Brent crude futures have surged around 20% in the days since the Ukraine war started, signaling that retail fuel prices could rise further. Meanwhile, high fuel prices continue to drive gains in inflation which has become a liability for the Biden Administration.
Though Russia accounts for a small percentage of California’s crude supply, companies like Marathon Petroleum, Chevron Corp., and Valero Energy Corp., will need to find alternatives as most U.S. refiners have turned away from Russian oil. That means the state, along with the rest of the West Coast, will likely increase its reliance on Alaska’s ANS crude, which soared to $116 a barrel Thursday as Asian refiners may also compete for it to replace lost Russian supplies.
California is geographically isolated from the bulk of U.S. oil production east of the Rockies. Domestic waterborne supplies are limited by laws that require expensive U.S.-flagged ships to transport it, often through the Panama Canal. As a result, West Coast refiners have been some of the largest recipients of Russian oil in the U.S. for more than a decade.

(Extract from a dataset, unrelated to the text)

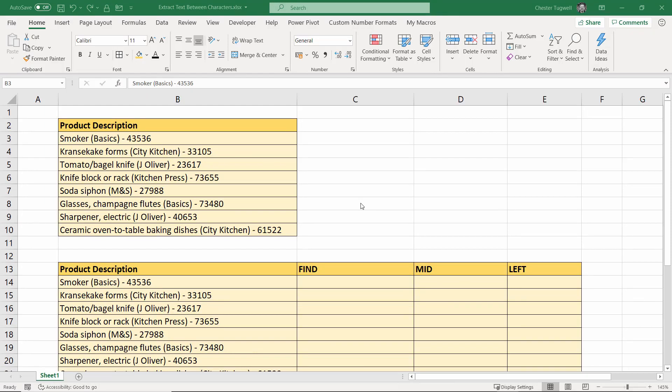Hi, it's Chester Topwell at Blue Pecan Computer Training. In this video, I'm going to show you how to extract text between characters in Excel. We want to extract the brand name from these product descriptions. You can see the brand name is within brackets, but it doesn't matter whether it's brackets, hyphens, or commas—this method will work.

In addition, California state regulators require a boutique, cleaner-burning grade of gasoline and diesel that are not easily blended and few refiners outside the state can make. The state’s fuelmakers must also acquire costly credits to offset high carbon-intensity fuels such as gasoline and diesel, on top of complying with federal biofuels mandates. All of these add to cost at the pump.
West Coast gasoline stockpiles are at their lowest level seasonally in 13 years at 34.4 million barrels, according to data from the Energy Information Administration. Local fuel production in California is set to shrink further as more refineries convert to smaller renewable fuel facilities.
High prices at the pump might not keep drivers from changing spring break road trip plans, according to Marie Montgomery from the Automobile Club of Southern California. “But $5 a gallon will be a wake up call” to many drivers, she said.